Multicast Traffic on Backbones

David Schwartz davids at webmaster.com
Sat Jun 16 01:16:28 UTC 2001



> "David Schwartz" <davids at webmaster.com> wrote

> > You mean one packet traverses *TWO* networks, don't you?

> probably - but you will still charge on this scheme if both sender and
> recipient are your customers, won't you?

	Some people do, some people don't. It depends. The company I work for does
not charge for traffic within a POP.

	If you expect this to be a large fraction of your traffic, you should
definitely negotiate a contract where you don't have to pay more for this.
If you expect this to be the usual percentage of your traffic, then you
should just understand that it's figured into the price.

	If you pay, say, $200 per megabit per second per month for traffic over
your DS3, this price is based upon the average your ISP expects your traffic
to cost it. Some traffic will be very cheap, perhaps going to a machine in
the same POP as your DS3 terminates. Some will be very expensive, requiring
them to haul it far over their backbone or pay high rates to get it to/from
someone else.

	When your ISP sets the rates you pay for your traffic, it's (at least
usually) based upon their expected costs for providing that traffic.

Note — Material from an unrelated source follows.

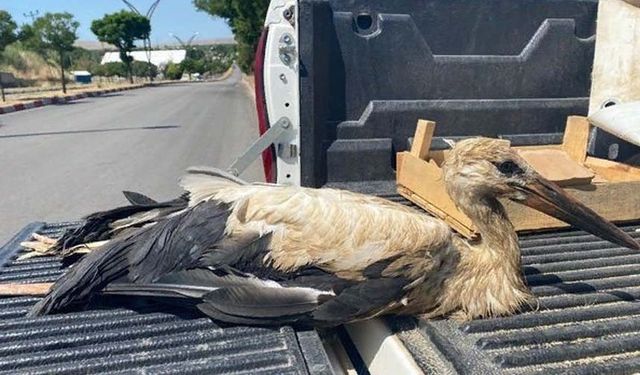 Van’da yaralı kuşlar tedavi altına alındı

	If your usage breaks that model, either generally being more expensive (as
multicast can be) or generally being cheaper (say all your company's offices
use the same ISP with lots of VPN traffic) then you or your ISP should
negotiate for a different price or pricing model.

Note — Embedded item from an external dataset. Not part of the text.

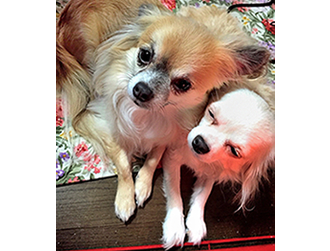 �V�F���[�����@�\�t�B�[�����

	If an ISP insisted on charging you much less than your traffic actually
costs it, it would go out of business. If an ISP insisted on charging you
much more, you would go elsewhere.

	An important point is that there is absolutely no meaningful difference
between the following statements:

	1) Both the sender and the recipient pay for the traffic, thus being double
billed.

	2) Both the sender and the recipient contribute to the cost of the traffic
between them.

	3) The sender pays to bring the traffic from him to some point and the
recipient pays to bring the traffic from that point to him.

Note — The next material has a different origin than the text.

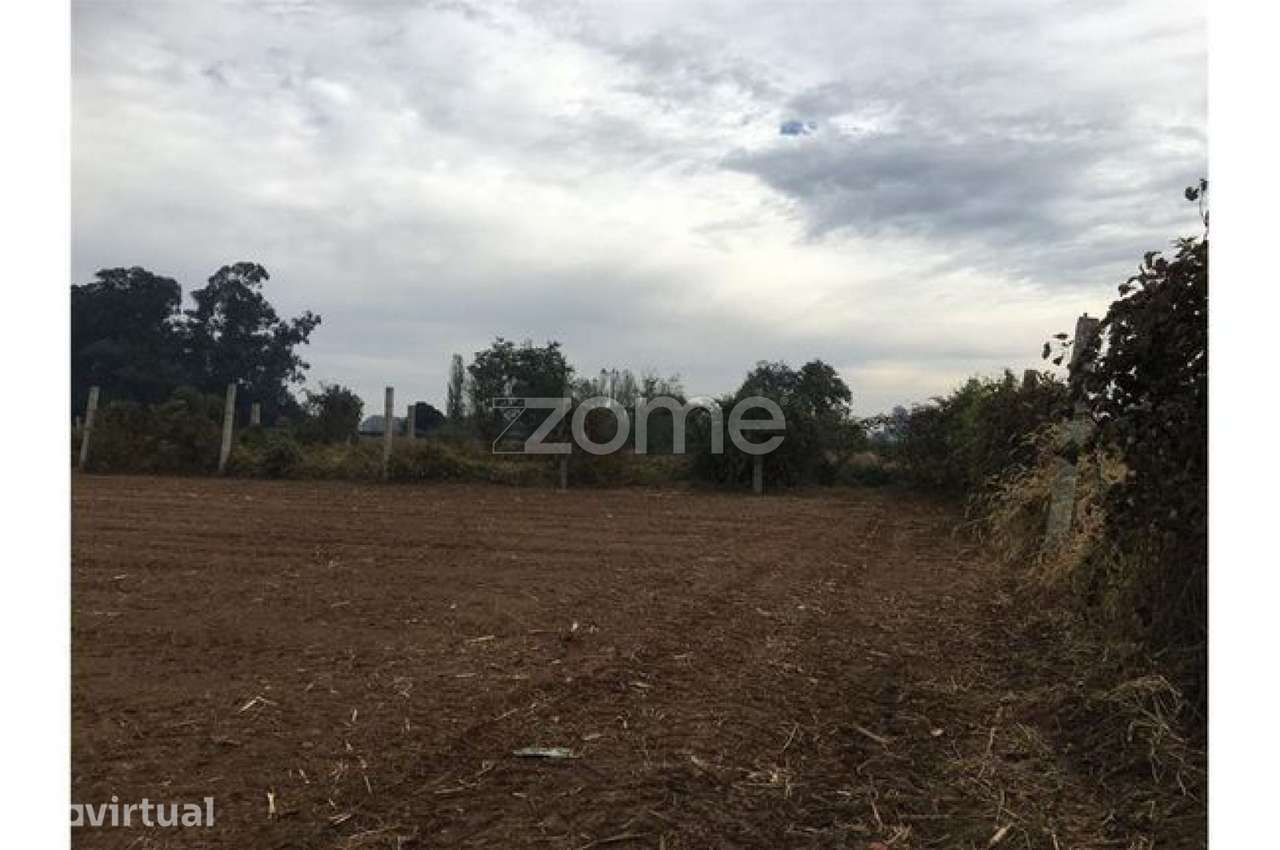 Terreno para Cultivo - Grande imagem: 4/5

	The simplest way to put it is that passing a packet from an origin to a
destination creates costs from the beginning to the end of that path. The
agreements covering the various links that packet flows over work out how
thoses costs will be borne. The parties at both ends of the link must find
the agreement covering the exchange of that traffic divides the costs
reasonably fairly or the link wouldn't exist.